Project update — June 2026: Canary 2.0 concluded on 4 June 2026 following completion of its pre-registered hypothesis test. The content on this page remains live as a record of the project methodology. For the full project conclusion and results, see the Project Conclusion and Final Report.
Every day, hundreds of articles are published about AI companies. Earnings reports, product launches, regulatory decisions, funding announcements, geopolitical developments. No individual can read them all, and even those who try cannot reliably turn what they read into a consistent, comparable signal across the whole sector at once.
Canary does.
What AI sector sentiment means
Sentiment here is not market sentiment in the traditional financial sense. It is the measurable tone of the news being written about AI companies on any given day, whether coverage is predominantly positive, negative, or neutral, and by how much. Journalists and analysts writing about AI companies are processing earnings calls, regulatory filings, product announcements, and executive commentary. The aggregate tone of that coverage, scored consistently and daily, is a real signal.
What Canary tracks
Six categories that together represent the principal layers of the AI value chain: AI Chips and Hardware, AI Platform Hyperscalers, AI Enterprise Software, Data Centre Infrastructure, AI GPU Cloud, and Pure Play AI.
Each morning Canary processes the previous day’s articles, scores each for sentiment and relevance, and produces a daily signal for each category with a 95% confidence interval and a statistical significance flag comparing the reading against that category’s own recent history.
Narrative framing
Sentiment scores tell you whether coverage is positive or negative. They do not tell you what kind of story is being told. Two days with identical sentiment scores can represent entirely different situations.
Canary addresses this through narrative frame classification. Every article is assigned to one of eight frames: Growth Momentum, Technical Breakthrough, Financial Results, Regulatory Risk, Geopolitical Risk, Competitive Threat, Market Correction, or Macro Environment. The distribution of frames on any given day shows what the sector conversation is actually about, not just how it feels.
A sustained shift toward Regulatory Risk and Market Correction frames, even before sentiment scores fall sharply, is often the earliest detectable sign that the character of coverage is changing.
The Semantic Volatility Index
The Semantic Volatility Index is a composite early-warning measure that aggregates five sub-components to detect narrative instability before it registers in headline sentiment figures.

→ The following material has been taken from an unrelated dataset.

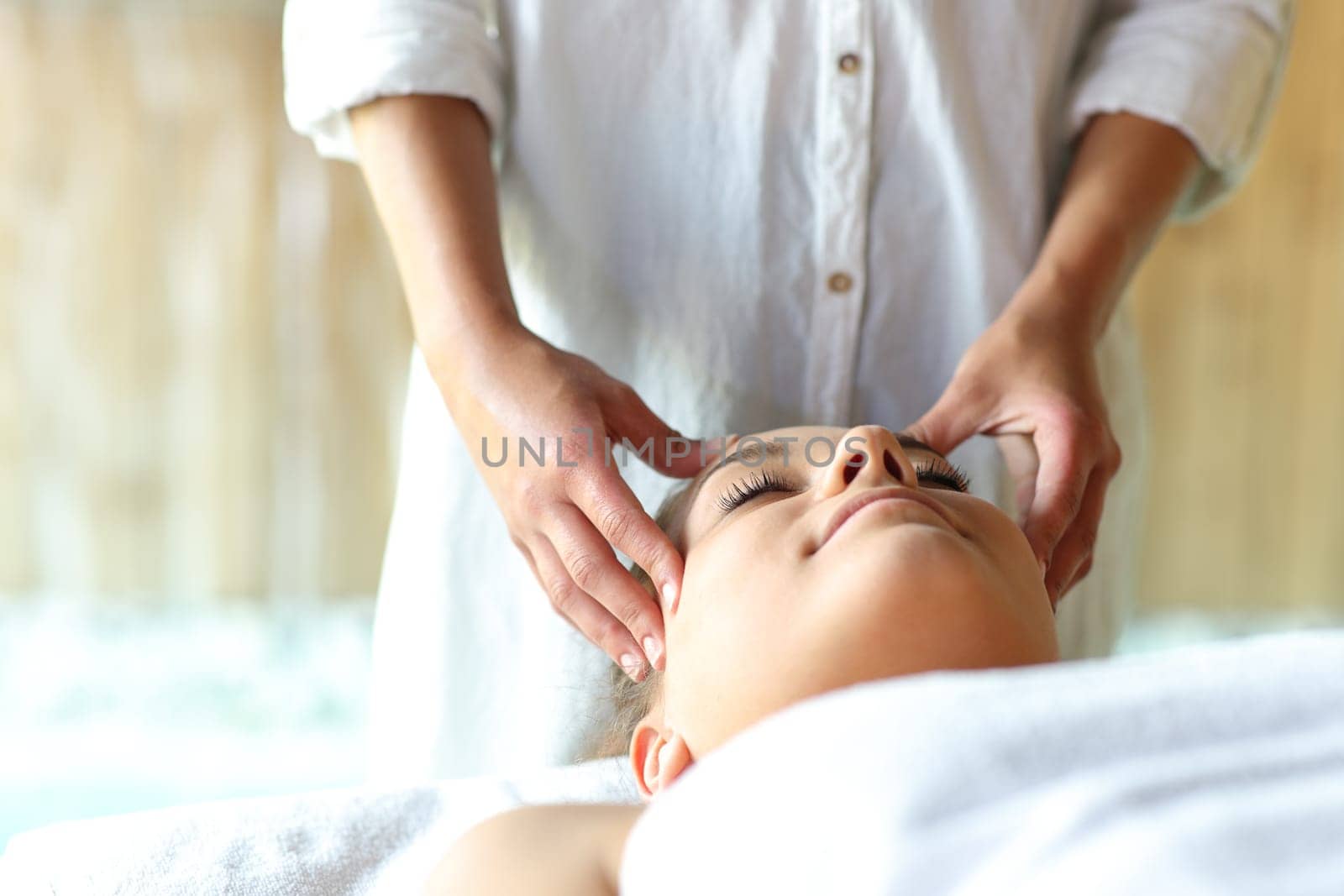 Relaxed woman receiving a facial massage by therapist in spa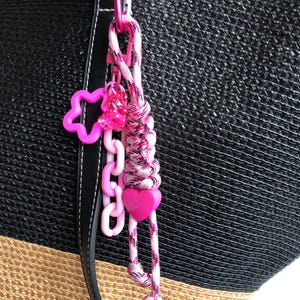 May include: A pink and white braided keychain with a pink carabiner clip. The keychain features a pink star, a chain of pink links, a pink heart, and a cluster of pink beads. The background is a black and tan woven bag.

Two of those sub-components use Jensen-Shannon Divergence to measure how different this week’s AI sector language is from last week’s. When the words being used to describe the sector change, that change typically precedes the sentiment shift that follows by several days.
The dashboard
The Canary Dashboard is updated every morning. It shows the overall AI sector sentiment for the day with a trend chart, per-category scores with confidence intervals and historical comparison, a 14-day sentiment heatmap across all six categories, the narrative frame distribution, and the Semantic Volatility Index with sub-component breakdown. It is free and requires no registration.